It's in UK's interest to support other countries through Covid-19 pandemic | Annie Lewis
While life in the UK seems to be getting progressively better, another country on the other side of the world is being defeated by the pandemic.
The situation in India is chaotic and devastating, with the country currently battling more than 20m infections.
To put it into perspective, the UK’s deadliest day was January 20 where 1,820 deaths were recorded. On April 28, India recorded more than 3,000. However due to erratic testing and records, the official figure is actually unknown.
Outside some crematoriums in Delhi, dozens of dead bodies were on the pavements, covered with sheets and flowers in the heat.
What has made things worse is the slow vaccine roll-out. Although the country is home to the Serum Institute – the world’s biggest vaccine manufacturer – only 10 per cent of India’s population have received their first vaccine.
Although many of us can sympathise with the country and its dire situation from a distance, it simply reiterates how the vaccine roll-out needs to be distributed fairly across the world.
India is 13 times bigger than the UK. The sheer number of people the country has to vaccinate is almost incomprehensible to us in the UK. For those living in rural parts of the country, it is almost impossible to receive medication without transport.
But what is happening in India is microcosmic of other third-world countries. Afghanistan, Nigeria, Egypt and Vietnam are just a handful which have vaccinated less than one per cent of their population.
More needs to be done to ensure governments and countries with low socio-economic levels are supported during the pandemic. No country should look at the vaccine roll-out as a race.
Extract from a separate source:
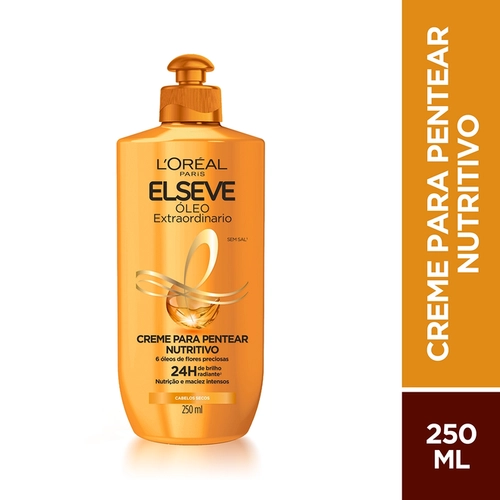 Creme Para Pentear Elseve Óleo Extraordinário 250ml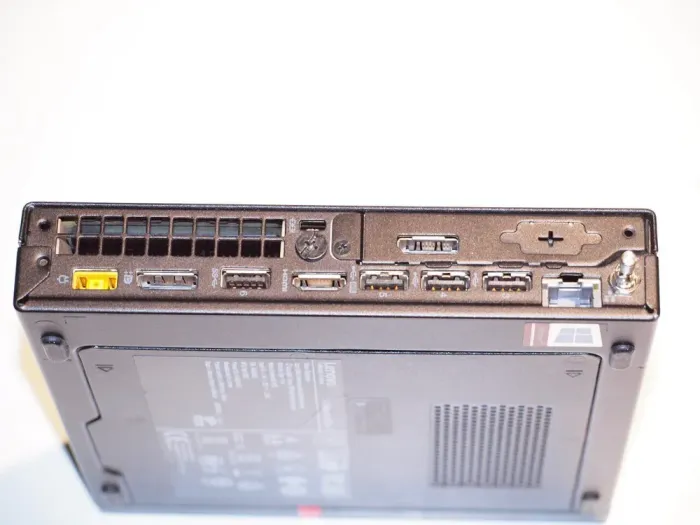 Неттоп Lenovo Thinkcentre m75q-1 USFF / AMD Ryzen 5 3400GE (4 (8) ядер по 3,3 - 4,0 ГГц) / 8 ГБ DDR4 / 256 ГБ SSD / AMD RX Vega 11 / USB 3.1 / Wi-Fi / Блок живлення в комплекті б/в - зображення 3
Until these other countries catch up, the pandemic continues to threaten our sense of normality with emerging variants.
The more these variants ravage through different countries, the higher chance it will arrive in the UK. It is in all of our interests to support other countries defeating coronavirus and rolling out the vaccine.
The Gates’ divorce could have huge global implications
Philanthropic billionaires Bill and Melinda Gates are divorcing after 27 years of marriage.
A joint statement released by the couple said ‘we no longer believe we can grow together as a couple in this next phase of our lives’.
This potentially has huge implications for one of the biggest philanthropies in the world – The Bill and Melinda Gates Foundation – which spends $5bn a year across the world. One divorce attorney tweeted: ‘Can’t think of a single divorce in history with farther reaching implications.’
With Amazon’s Jeff Bezos and MacKenzie Scott’s divorce settlement costing $36 billion, this one is likely to be a bit bigger…
I hope the government is wary about foreign travel
Many of us are eagerly awaiting the travel guidance to be released on May 17.
It has been rumoured that some destinations, including Portugal and Canaries, are no longer classed as ‘unacceptably high’ risk.
While many are desperate to jump on a plane and fly to sunnier climes, I hope the government is wary about how much the country opens up and to which countries.
With foreign holidays and travel comes the scary prospect of new variants entering the country and potentially further lockdowns.
I think the government will rely on the public to take their own personal responsibility, which perhaps doesn’t fill me with the most confidence.